Recommendations for suppliers

On the other hand, suppliers must communicate more clearly the components of the price: service level, delivery, stock, consultancy, security, payment term, commercial support. If these services remain invisible, the operator will continue to compare only the price of the product.

Last but not least, suppliers need to educate their teams to sell solutions, not just products. Where possible, special services, such as urgent deliveries, returns, orders below the threshold, out-of-hours interventions, should be defined, measured and, at least partially, monetized or conditioned.

So, in a market with fragile margins, pressure on and more selective consumer, the relationship between supplier and operator becomes a direct factor of profitability. The winner is not necessarily the one who obtains the lowest spot price, but the one who builds a predictable, efficient and sustainable system.

"The industry is losing money through lack of alignment. Every unclear order, every urgent delivery that could have been planned, every return or every missed deadline adds pressure to the system. The challenge in the coming years is to build a more mature supply chain, in which suppliers and operators do not just negotiate prices, but build rules, predictability and value together", adds Florin Maxim.

A new debate Intimate Roundtable Conversations

About Intimate Roundtable Conversations

Intimate Roundtable Conversations represents think tanksThe Hospitality Culture Institute’s applied - a strategic dialogue format, in a small circle, that brings together relevant HoReCa leaders, entrepreneurs and professionals to analyze, in depth, the high stakes of the industry. Each edition is built around a theme with real impact, explored from complementary perspectives: operational, entrepreneurial, investment and consumer.

To support genuine exchanges of ideas and positions, the meetings are held under Chatham House rules, giving participants the freedom to use insight-s obtained, without publicly attributing opinions or quotes. This approach creates the necessary framework for honest, relevant and solution-oriented conversations, with direct value for the evolution of the hospitality ecosystem.

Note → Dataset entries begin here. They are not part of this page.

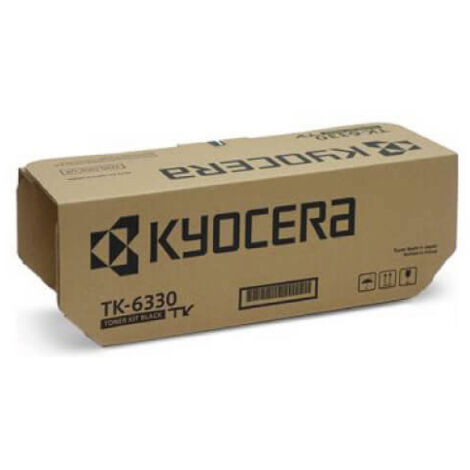 ÷ Tóner original kyocera tk-6330 negro 32.000 páginas
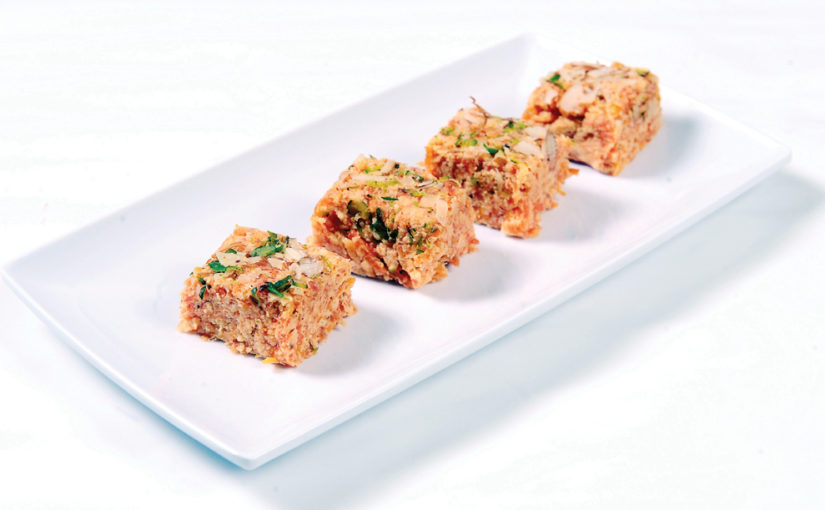 গাজরের কালাকাঁদ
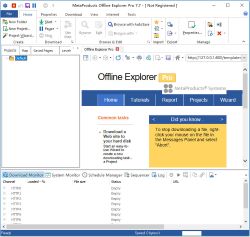 Offline Explorer Pro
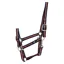 Hy Soft Webbing Head Collar in Navy/Red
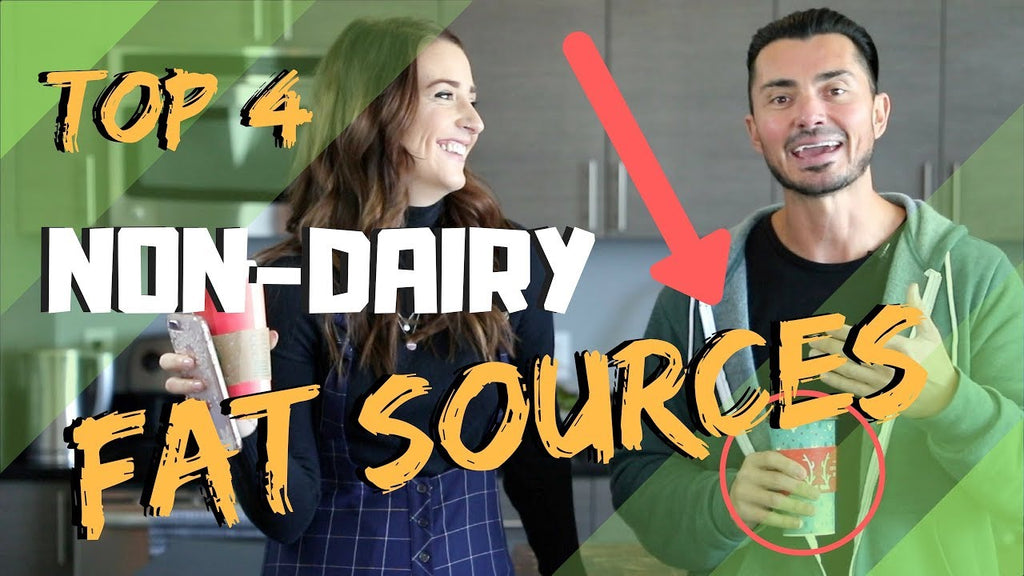 The 4 BEST Non-Dairy FAT Sources 🥑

About Hospitality Culture Institute:

The Hospitality Culture Institute (HCI) is the European research and leadership platform that studies how gastronomic culture, hospitality and services shape human behavior and economic value. HCI analyzes the experience economy, bringing together leaders, researchers and decision-makers to build sustainable, human-centered business models.

Through market research, think tanks-s and initiatives such as the Romanian Hospitality Awards, F&B Business Accelerator and F&B Innovation Camp, HCI connects entrepreneurs, industry leaders and experts to transform insights into applied business decisions.